## [ABOUT THIS EXERCISE]
Please reproduce all of the listing below exactly and drop its images.

## [MATERIAL PROVIDED]
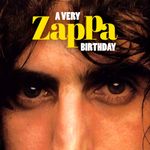 Pochette A Very Zappa Birthday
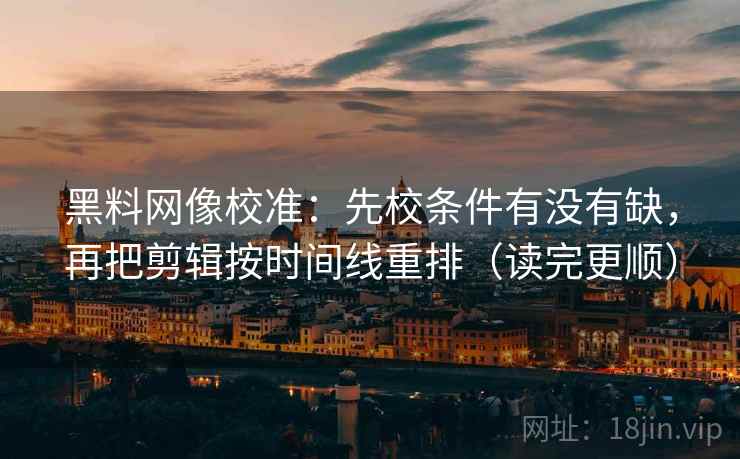黑料网像校准：先校条件有没有缺，再把剪辑按时间线重排（读完更顺）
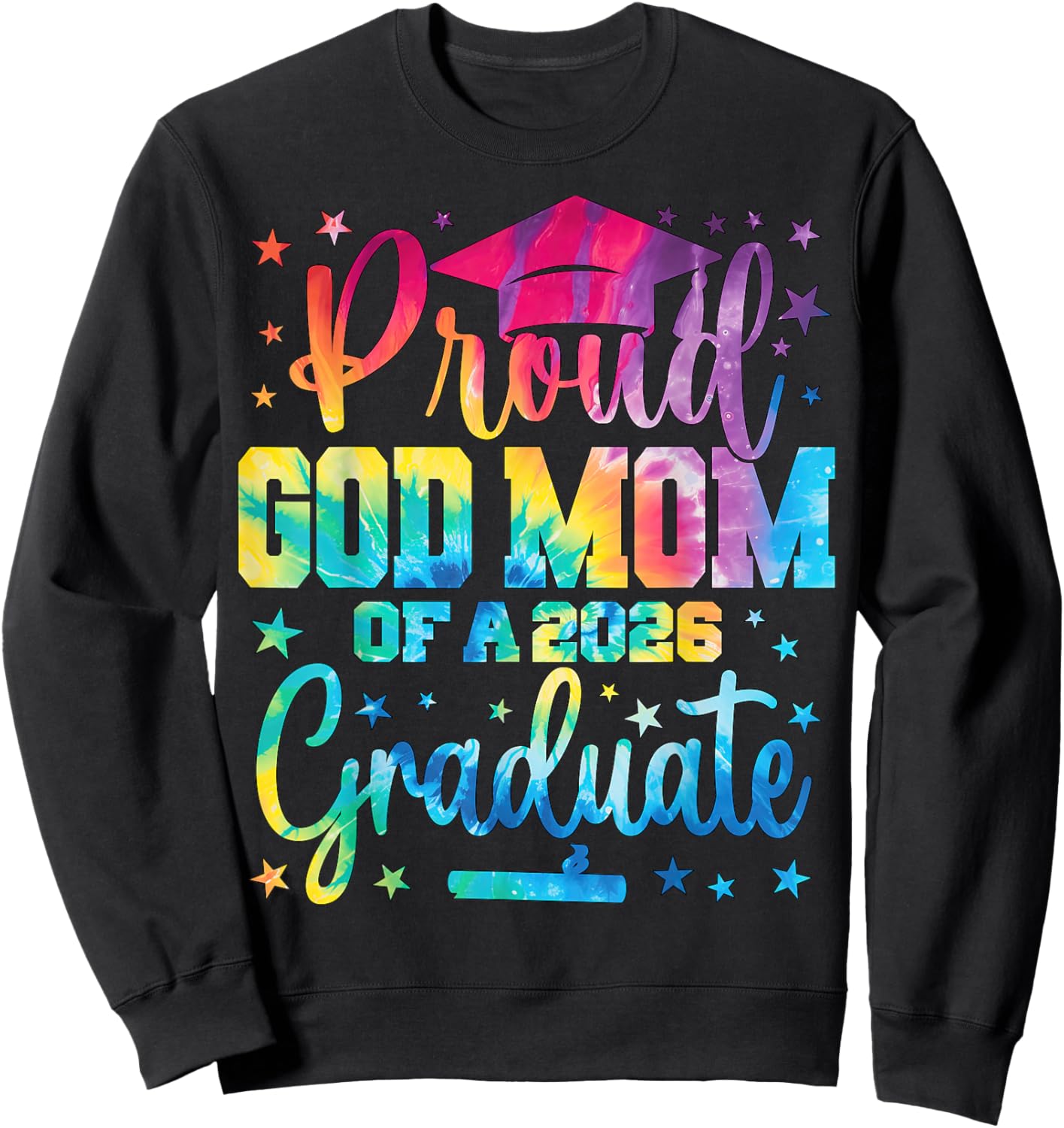 Proud God Mom of A Class of 2026 Graduate Senior Graduation Sweatshirt - Sweatshirt | Black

## [RESPONSE TO THE EXERCISE]
 Pochette A Very Zappa Birthday
黑料网像校准：先校条件有没有缺，再把剪辑按时间线重排（读完更顺）
 Proud God Mom of A Class of 2026 Graduate Senior Graduation Sweatshirt - Sweatshirt | Black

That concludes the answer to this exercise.